STATE of Maine v. Ralph BRADDICK.
[¶ 1] Ralph Braddick appeals from a judgment of conviction of unlawful sexual contact (Class C), 17-A M.R.S.A. § 255(1)(C) (Supp.2001), and two counts of visual sexual aggression against a child (Class D), id. § 256, entered after a jury trial in Superior Court (Kennebec County, Studstrup, J.). Braddick argues that the court erred in the supplemental instruction given in response to a jury note indicating a deadlock. We disagree and affirm the judgment.
[¶ 2] The jury began its deliberations at 10:23 A.M. on the fourth day of Braddick's trial. Late that afternoon the foreman sent the court a note stating: “We are a hung jury. We are looking for more information and do not feel it's available. We know this is not possible.” The court sent the jurors home for the evening at 5:10 P.M., stating that it would have additional instructions for them in the morning. The next morning, the court told counsel that it intended to give Instruction 301 from DONALD G. ALEXANDER, MAINE JURY INSTRUCTION MANUAL § 8-6 (3d ed.2000). Braddick objected to the giving of any supplemental instruction and moved for a mistrial. The court denied the motion and gave a charge that substantially reflected Instruction 301, but additionally informed the jurors that if they needed a readback of portions of testimony or a reinstruction it was available. The jury returned to deliberations at 9:18 A.M. and subsequently asked for a readback of the testimony of two witnesses who had corroborated the testimony of the alleged victim. Following the readback, the jury returned to deliberations again at 11:20 A.M., and fifty-five minutes later, the jury re-entered the courtroom with a verdict.

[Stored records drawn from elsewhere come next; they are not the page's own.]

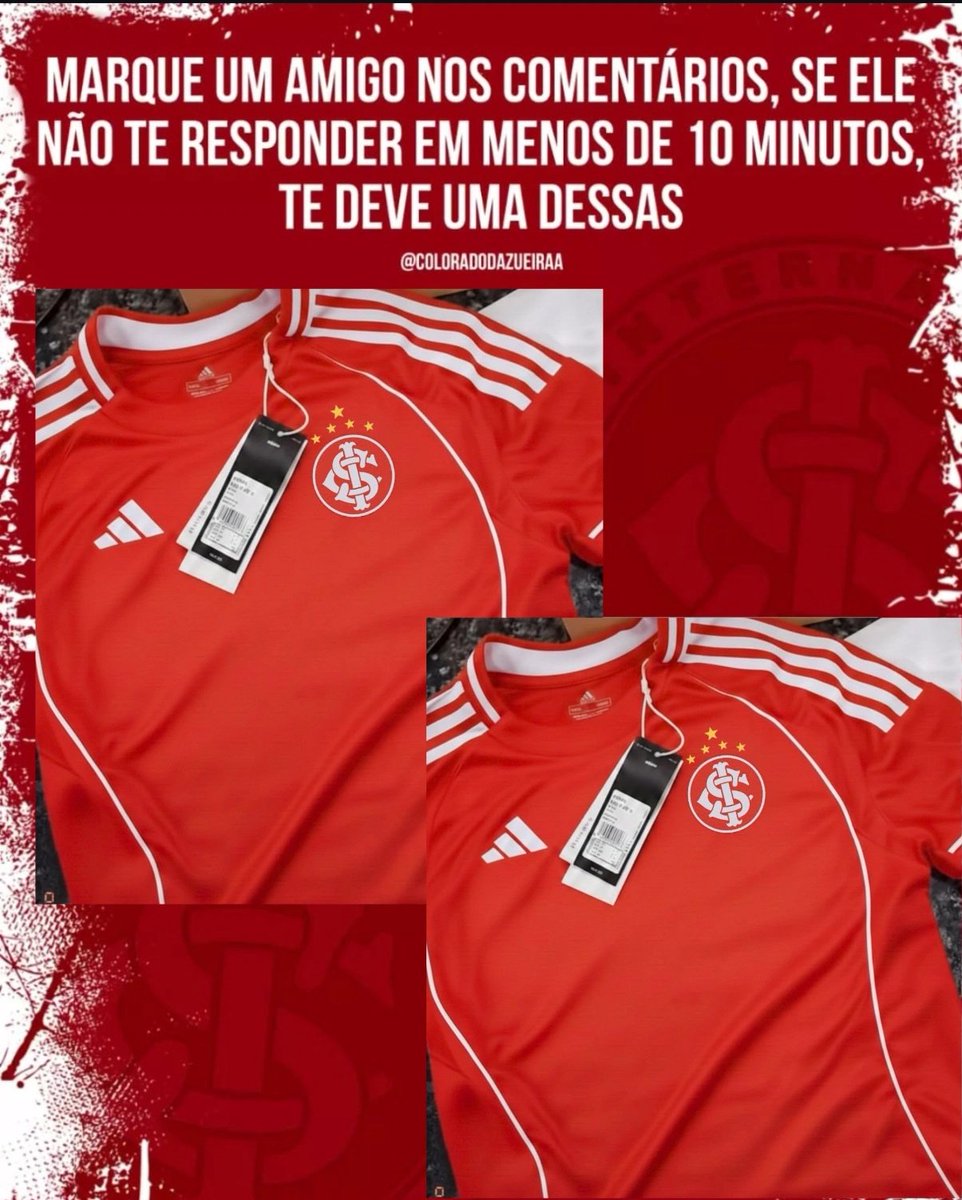 coloradodazueir's tweet photo. Possível camisa 2026 do inter, em homenagem ao time campeão da América em 2006. https://t.co/sI4BIblAsl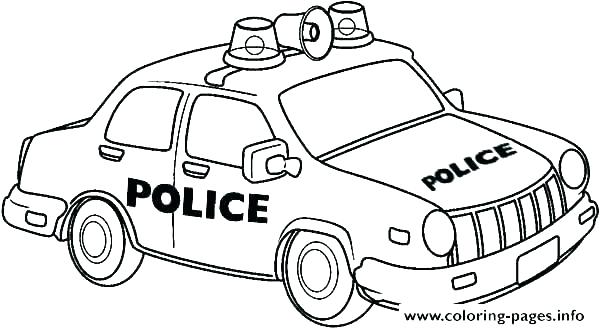 600x329 Car Pictures To Color Car Coloring Pages For Kids Cars Coloring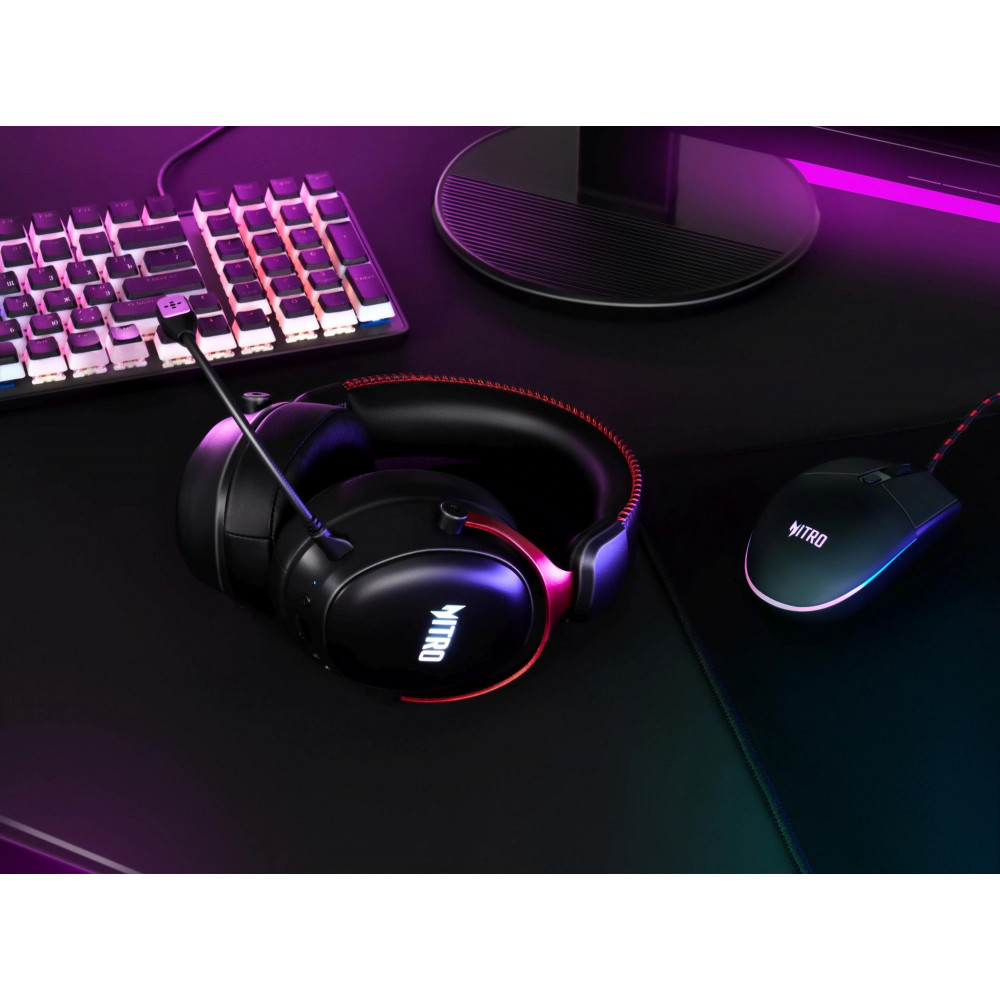 Наушники с микрофоном Acer ZL.HDSEE.00H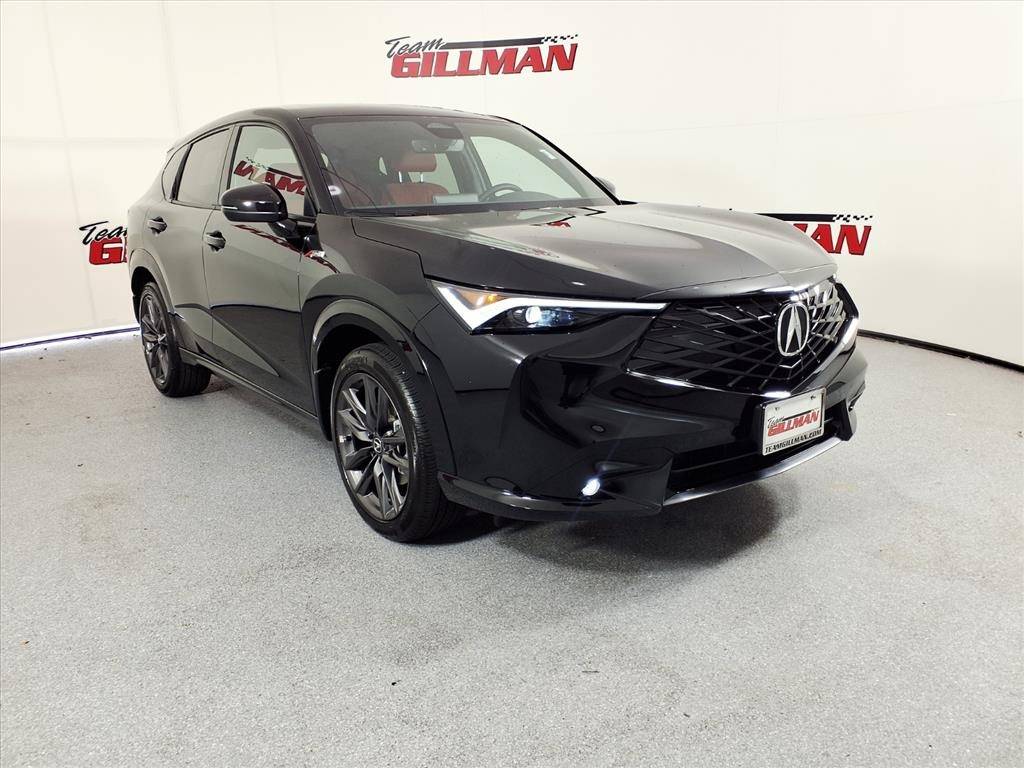 2025 Acura ADX A-Spec Package — SUV — 423 mi — Houston, TX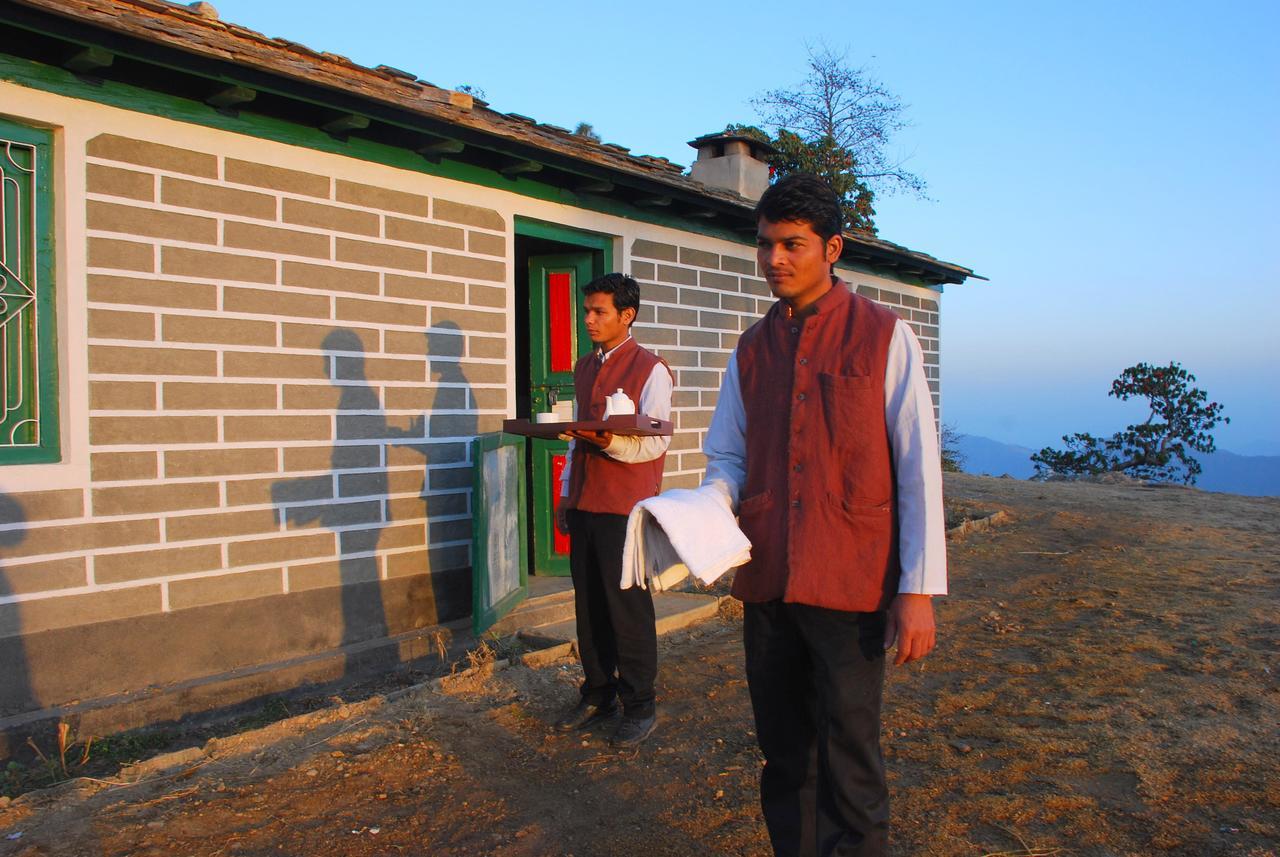 アルモラ Thikalna Himalayan Retreatヴィラ エクステリア 写真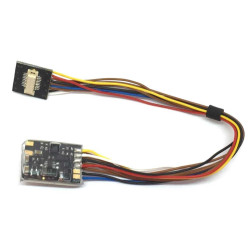 copy of Train-O-Matic 02010106 - Décodeur de fonction  Micro 6P - NEM651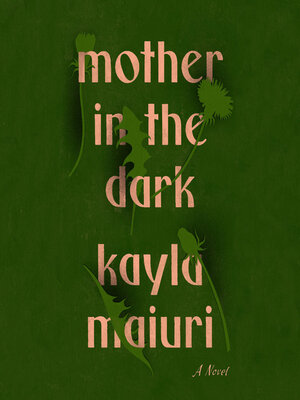 cover image of Mother In the Dark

[¶ 3] To avoid the possibility that a supplemental charge may coerce a jury into reaching a verdict, an instruction based on ABA STANDARDS FOR CRIMINAL JUSTICE § 15-4.4 (1980) is the proper response to a jury communication indicating a deadlock. State v. Weidul, 628 A.2d 135, 136-37 (Me.1993). The substance of the ABA standard is fully set forth in MAINE JURY INSTRUCTION MANUAL § 8-6, and the trial court's instruction varied from that instruction only by adding a reference to the possibility of a readback.
[¶ 4] Braddick concedes that the instruction given by the trial court would have been proper in an ordinary deadlock situation, but he argues that the content of the jury note created an unusual circumstance in which any supplemental instruction would have been coercive and this instruction was particularly so. He contends that the court should have granted his motion for a mistrial instead of giving the supplemental instruction.
[¶ 5] We disagree that the jury's reference to “looking for more information,” which it recognized was unavailable and not possible, transformed its deadlock note into a situation requiring an immediate mistrial. The wording of the note likely meant that some jurors may have thought that without additional evidence the jury could not reach a verdict. This is similar to an ordinary deadlock situation. See State v. Cote, 540 A.2d 470, 470 (Me.1988) (finding no obvious error in trial court's reinstructing jury and failing to grant mistrial after jury note stating, “Insufficient evidence from some jurors. We feel more witnesses to verify girl's story.”). The jury note in this case was the first suggestion of a deadlock and came after less than seven hours of deliberation. There was no indication of a hopeless deadlock that could require a mistrial. The jury may have then thought that a unanimous verdict would be impossible without more information, but that belief was not any different from the circumstance of a jury that thinks a unanimous verdict is impossible because, at that point, no jurors seem likely to change their minds. The fact that the jurors have indicated that they do not have enough information does not require a declaration of a mistrial. Instead, giving the approved supplemental instruction is proper.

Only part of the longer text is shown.